3. The particle is moving right, when its velocity is positive.
The velocity is a parabola with roots t=3 and t=6
(which you can calculate by solving t² - 9t + 18 = 0).
Since the leading coefficient, being 1, is positive,
the velocity is positive on the intervals [0,3] and [6,8].
4. I do not know whether "faster" refers to speed or velocity.
That is, when its speed is increasing going backwards, does that count as "faster"?
Therefore I will answer the question both ways.
The particle is going faster or slower when its speed/velocity is increasing
or decreasing respectively.
To determine that, notice that the parabola representing the velocity
has its vertex at t = 4.5.
The particle velocity is decreasing (it is slowing down) on the interval [0, 4.5)
and it is increasing on the interval (4.5, 8].
The speed, being the absolute value of velocity,
is decreasing on the intervals [0, 3) and (4.5, 6), and
is increasing on the intervals (3, 4.5) and (6, 8].

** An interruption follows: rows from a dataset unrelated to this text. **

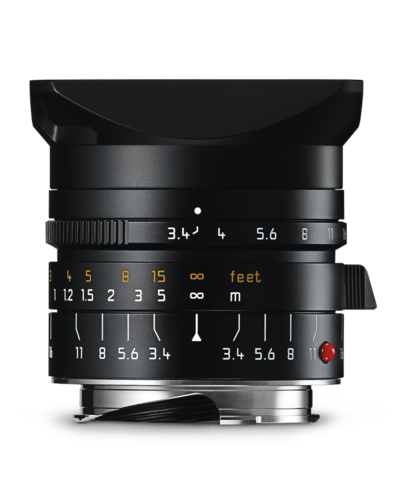 Leica Super-Elmar-M 21 f/3.4 Asph.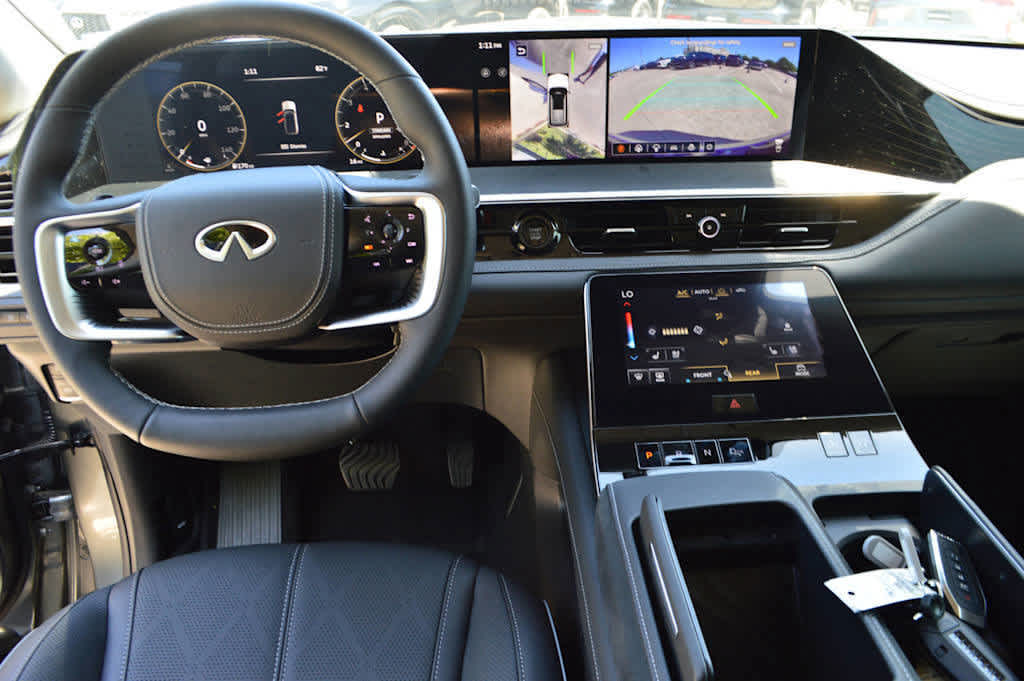 New 2025 Dynamic Metal INFINITI SENSORY image 20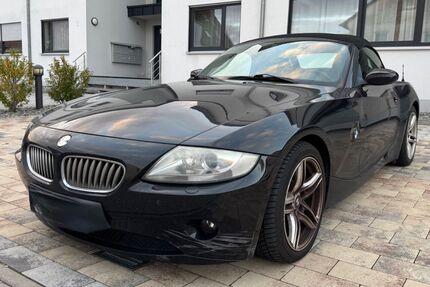 BMW Z4 186.551 km 8.600 &euro; Heilbronn 74078
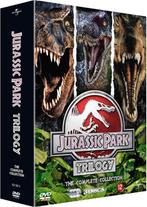 Jurassic park Trilogy - dvd box, Ophalen of Verzenden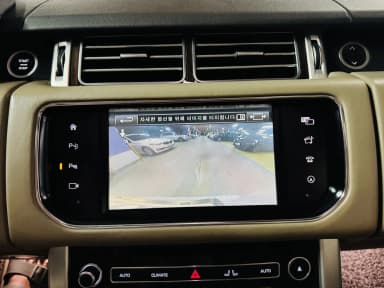 Range Rover 4th Generation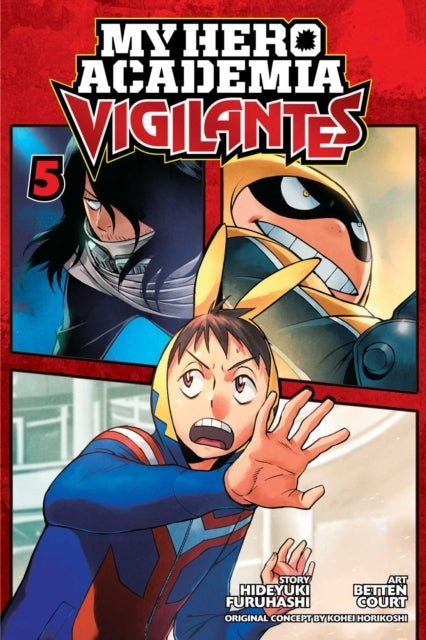 My Hero Academia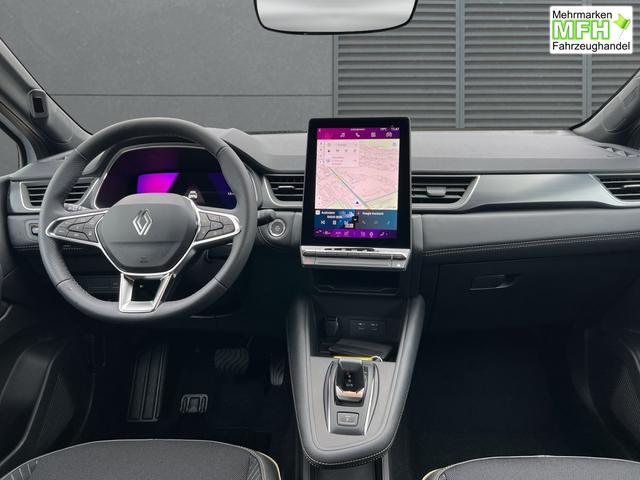 Renault Symbioz Iconic SHZ+LKHZ+360&deg; Kamera E-TECH 160 Full Hybrid 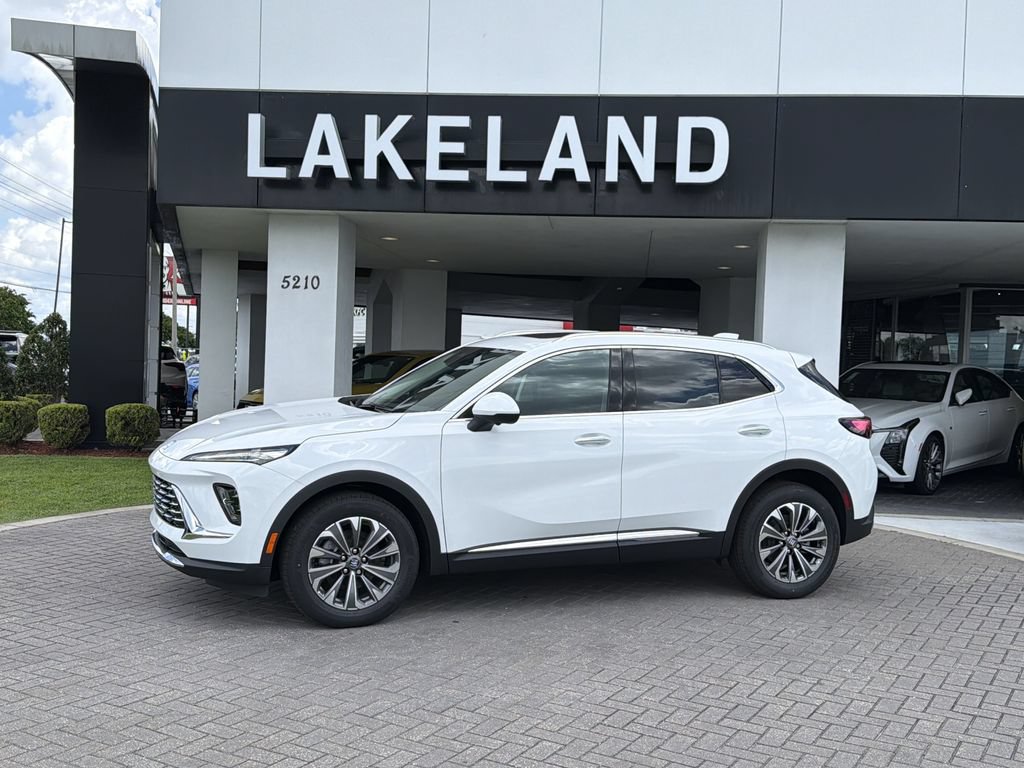 New 2026 Buick Envision Preferred AWD/4WD image 2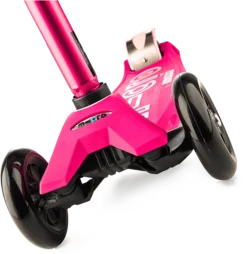 Micro Maxi Deluxe Scooter Rosa LED -SportX Verkäufe 7630053523046 4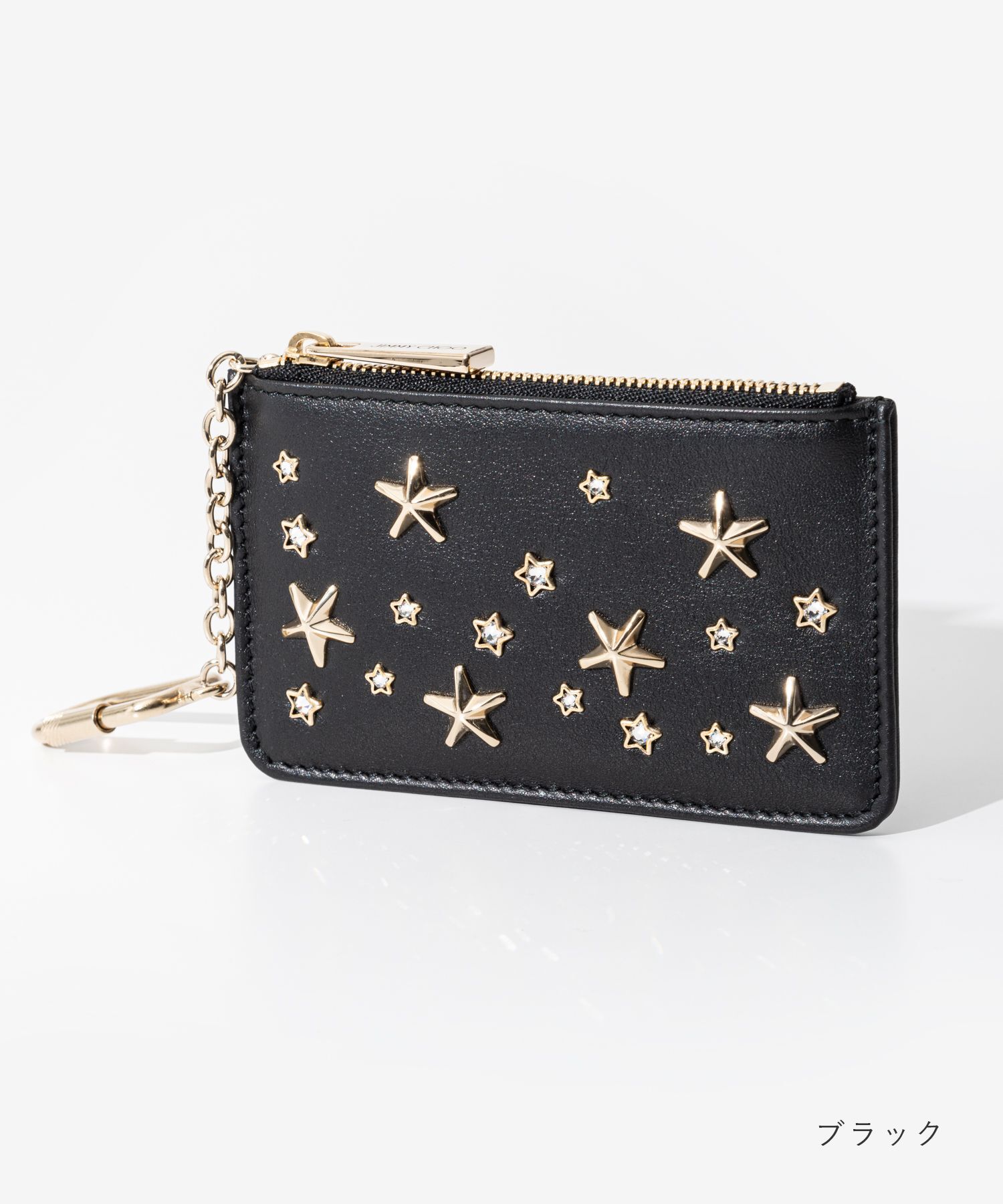 ジミーチュウ JIMMY CHOO NANCY CZN 小銭入れ ナンシー レディース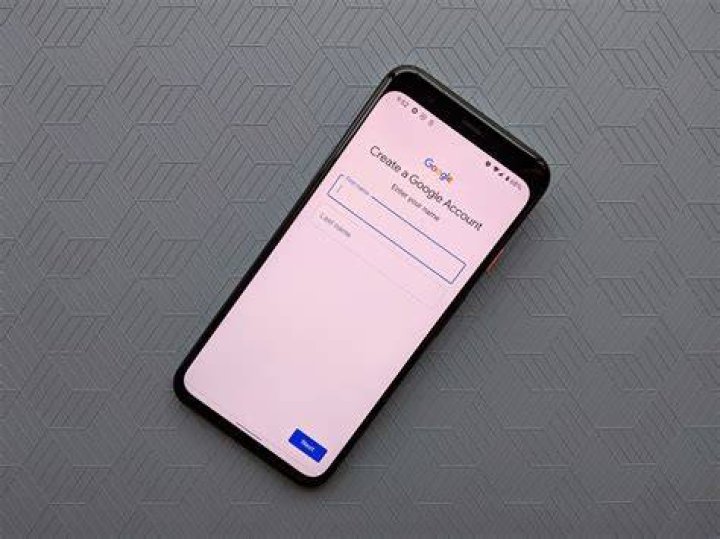 How To Create Google Account In Android Phone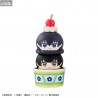 Blue Lock - Pack 6 figures Tsumichen Stack up & Change (with gift)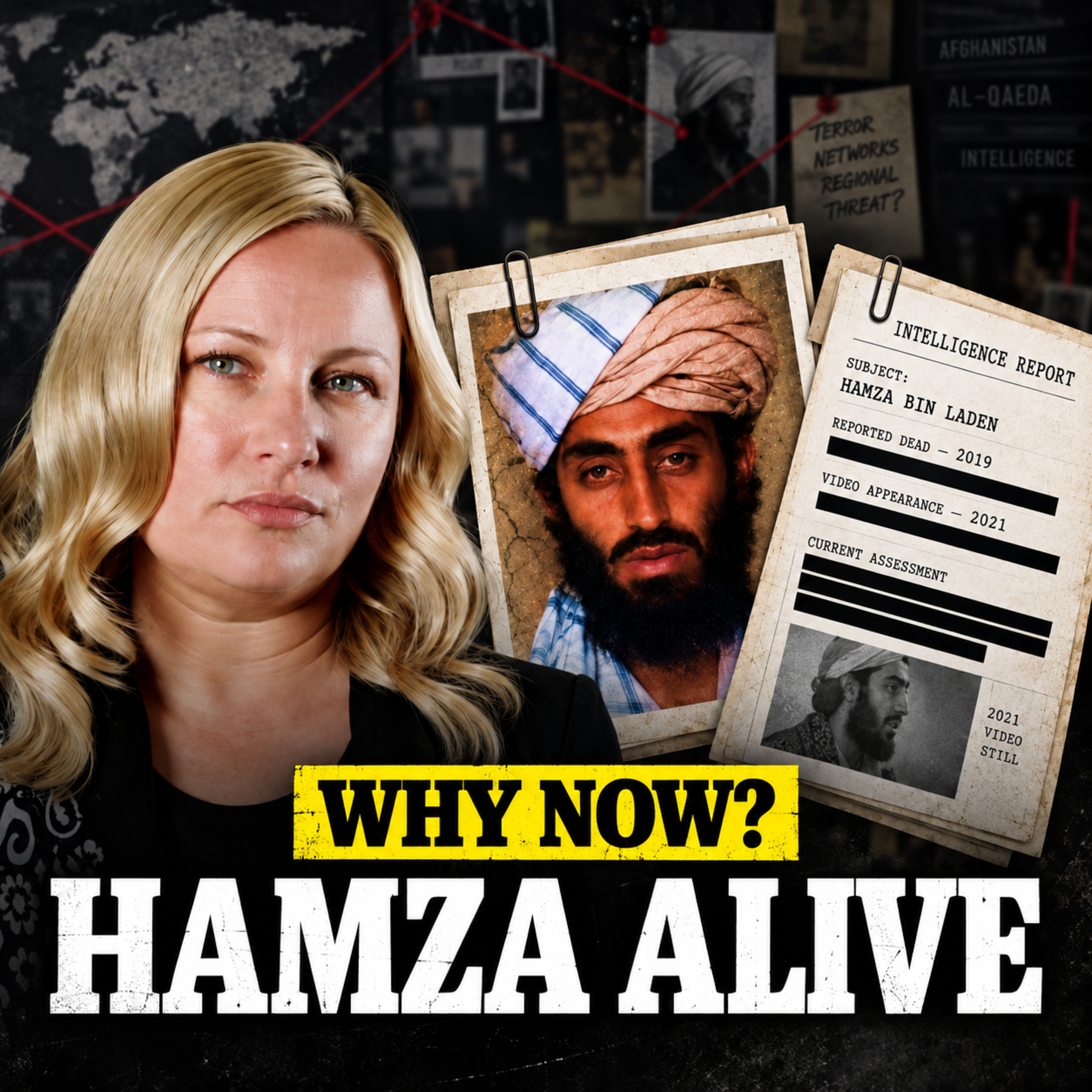 Hamza bin Laden Is Alive. Why Is al-Qaeda Showing Him Now?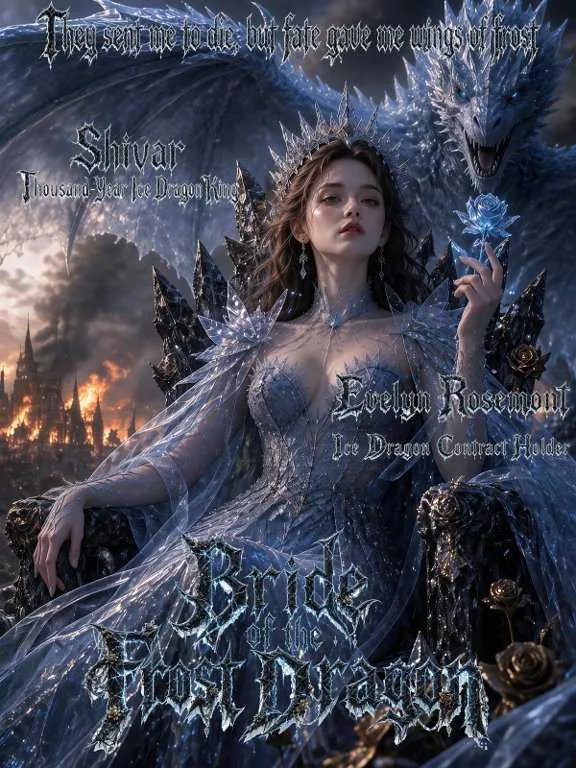 Bride of the Frost Dragon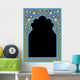 Settat Floral Frame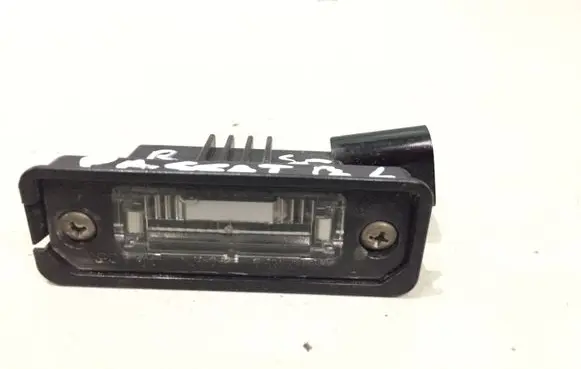 Volkswagen PASSAT B6 Number plate light 1J6943021B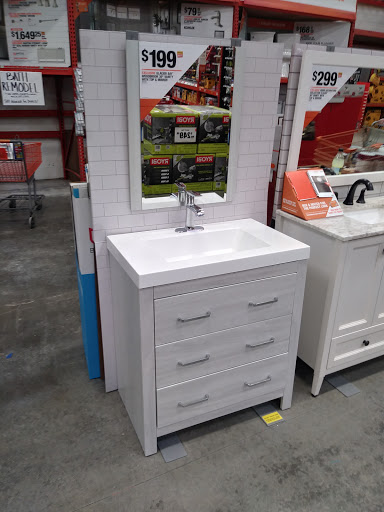 Home Improvement Store «The Home Depot», reviews and photos, 80 Universal Blvd, Warwick, RI 02886, USA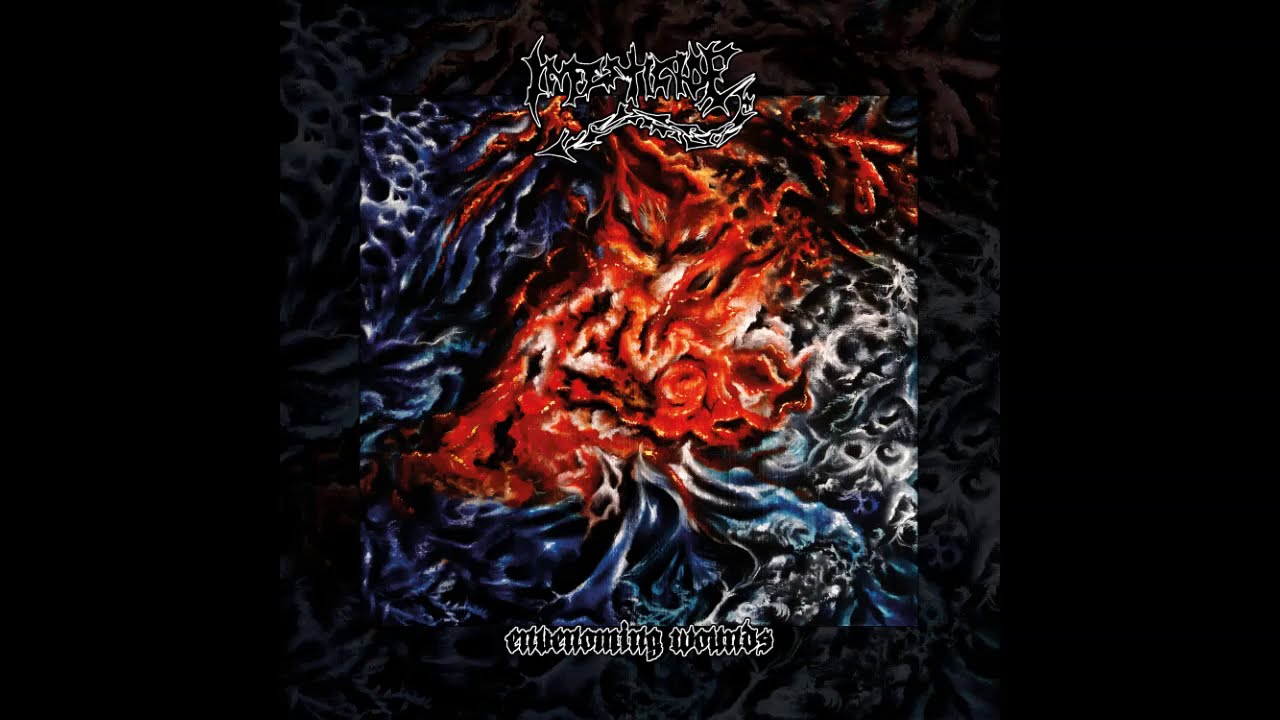 Infesticide - Envenoming Wounds [Full Album - 2020]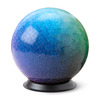 Clemens Habicht 540 Colors 3D Sphere Jigsaw Puzzle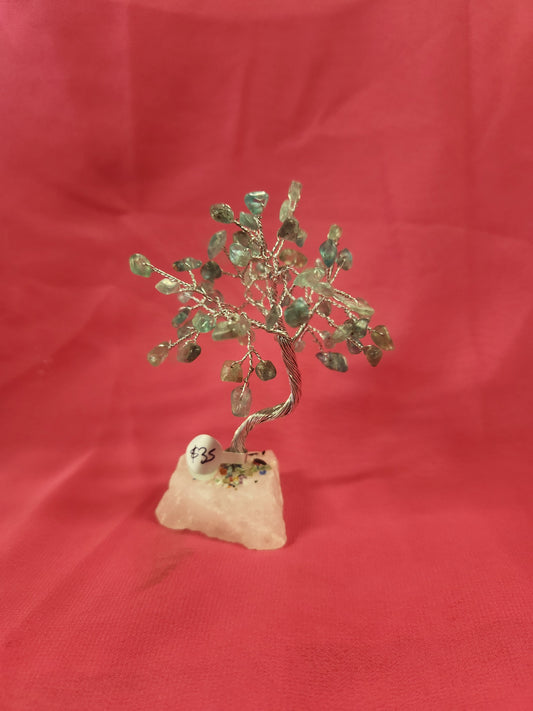 Aventurine Crystal Tree
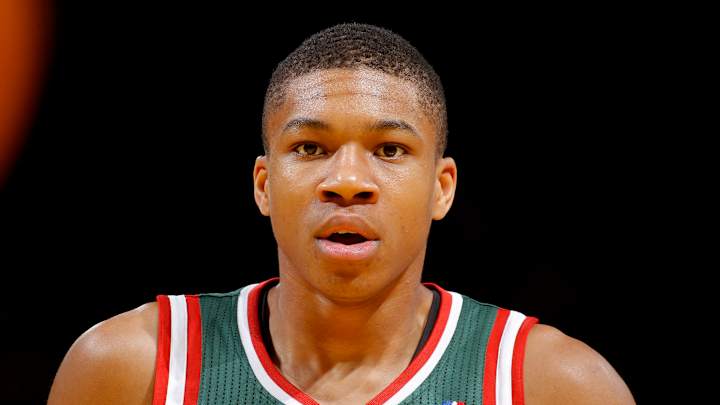Bucks' Giannis Antetokounmpo excited about playing point guard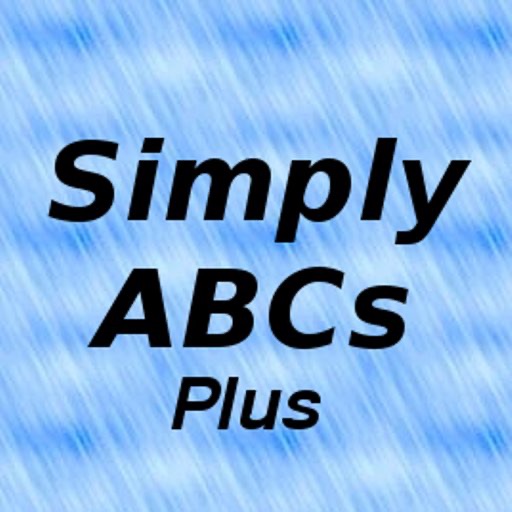 Simply ABCs Plus iOS App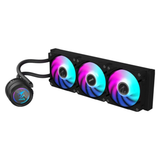 Gigabyte Aorus Waterforce II 360 ARGB Fan w/ Fan EZ-Chain AIO Liquid Cooler GP-AORUS-WATERFORCE-II-360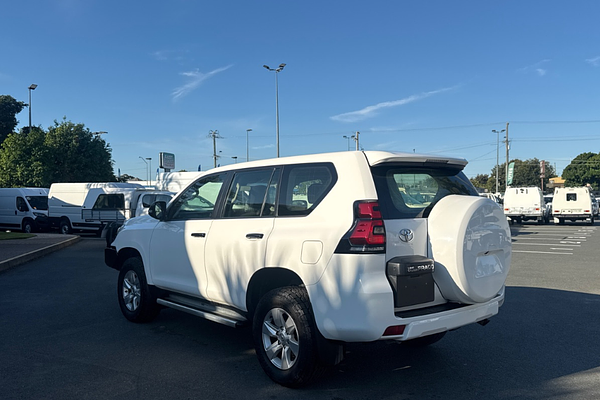 2020 Toyota Landcruiser Prado GX GDJ150R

5. Again I am not sure how "distance traveled" is measured.
That is, when the particle is going backwards is it making a positive or negative
contribution to its distance travelled?
If the answer is "negative" then the solution to 5. is simply s(8) - s(0) = 26.666
Now I assume that the answer is "positive".
The particle is going forward on the intervals [0,3) and (6,8], while going backwards
on the interval (3,6).
So the total distance travelled is
s(3) - s(0) + s(3) - s(6) + s(8) - s(6) =
s(8) - s(0) + 2(s(3) - s(6)) = 35.666